Archetipo Neo Stilnovista
Le Regine Arcane
Le Regine Arcane costituiscono uno dei nuclei simbolici più profondi e visionari del Neo Stilnovismo Pittorico di Carmelo Fabio D’Antoni.
Questa serie nasce dalla volontà di riportare il femminile al centro della dimensione spirituale, archetipica ed estetica dell’arte contemporanea, sottraendolo alla superficialità dell’immagine moderna e restituendogli un’aura sacrale, misteriosa e immortale.
Ogni figura appartenente al ciclo non rappresenta semplicemente una donna, ma una presenza interiore.
Una manifestazione simbolica sospesa tra luce e ombra, tra memoria ancestrale e rivelazione spirituale.
Le Regine Arcane sembrano emergere da uno spazio senza tempo, come apparizioni provenienti da un’antica dimensione dimenticata, in cui il volto umano torna a essere specchio dell’anima e portale dell’invisibile.
Nel linguaggio stilnovista dell’artista, la donna diventa custode del mistero universale.
Non musa passiva, non semplice soggetto estetico, ma forza dominante e sacrale.
Ogni sguardo custodisce una conoscenza silenziosa; ogni gesto contiene un rito; ogni ornamento diventa simbolo iniziatico.
Le figure sono immerse in atmosfere oscure e teatrali, dove la luce agisce come elemento rivelatore, quasi caravaggesco, capace di emergere dall’abisso dell’ombra per scolpire emozioni, tensioni e presenze interiori.
L’oscurità non viene utilizzata come elemento negativo, ma come spazio simbolico della trasformazione, della meditazione e della profondità spirituale.
Attraverso il ciclo delle Regine Arcane, Carmelo Fabio D’Antoni sviluppa una ricerca visiva che fonde estetica gotica, simbolismo esoterico, memoria medievale e sensibilità contemporanea.

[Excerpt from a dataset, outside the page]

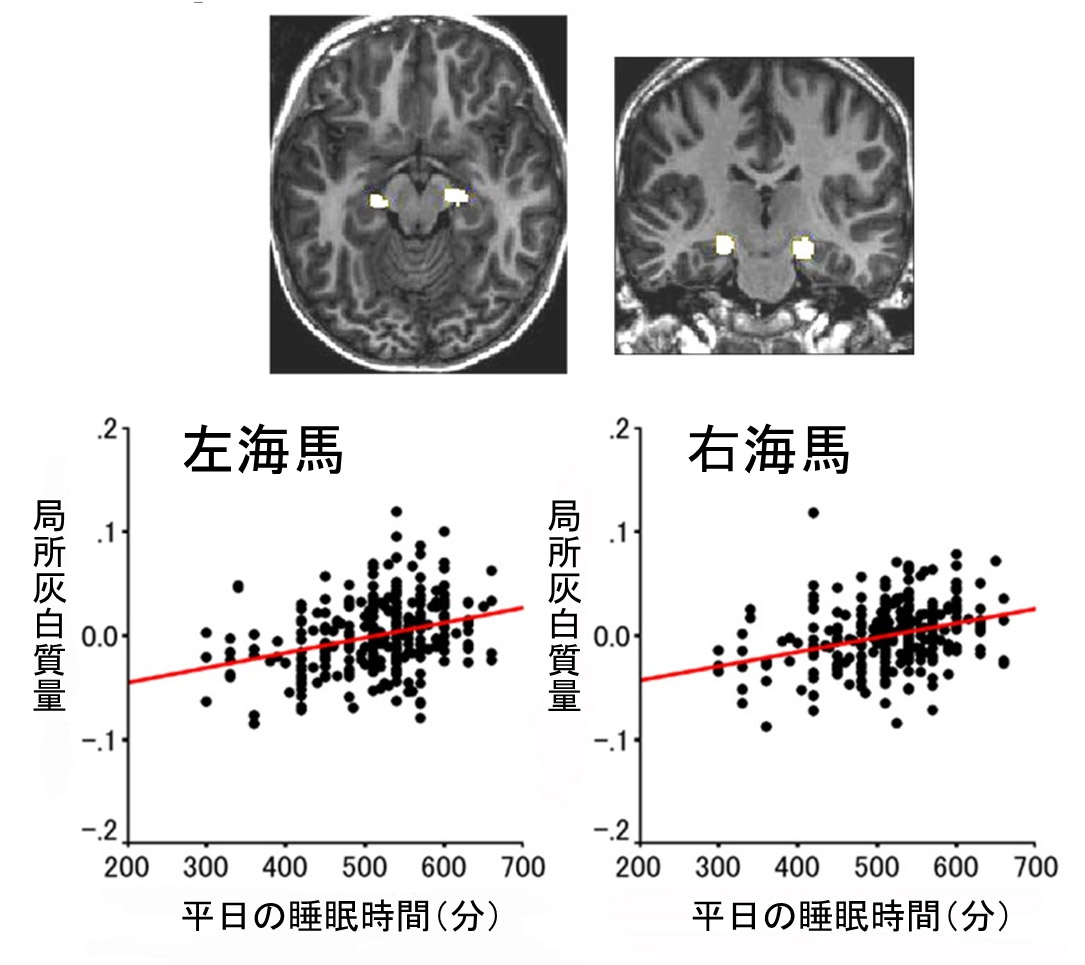 記憶にかかわる脳の海馬は 睡眠時間が長い子供のほうが より大きい 瀧靖之教授の研究が第３５回日本神経科学大会 記者会見で取り上げられました 東北メディカル メガバンク機構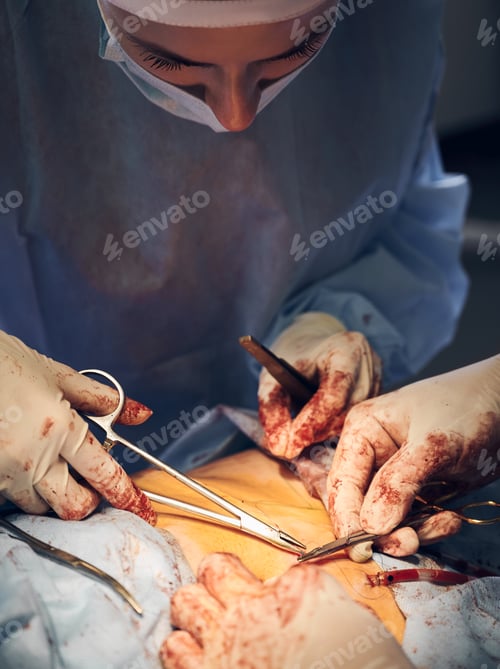 Preview: Surgeons Performing Delicate Surgery in Hospital Setting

Le opere evocano antiche sacerdotesse, sibille, regine dimenticate, custodi della soglia tra il mondo visibile e quello invisibile.
Ogni volto appare immobile e monumentale, ma allo stesso tempo attraversato da una tensione emotiva silenziosa, quasi metafisica.
La pittura assume così il ruolo di esperienza rituale.
Lo spettatore non viene invitato semplicemente a osservare, ma a entrare in relazione con l’immagine, attraversandola interiormente.
Le Regine Arcane generano una percezione psicologica profonda: attrazione, inquietudine, contemplazione, memoria.
Il loro potere non nasce dall’eccesso narrativo, ma dalla presenza.
Le cromie scure, i riflessi metallici, le superfici vellutate e le composizioni frontali contribuiscono a costruire un universo estetico coerente e riconoscibile, dove ogni elemento è pensato per amplificare il senso di sacralità e di distanza dal quotidiano.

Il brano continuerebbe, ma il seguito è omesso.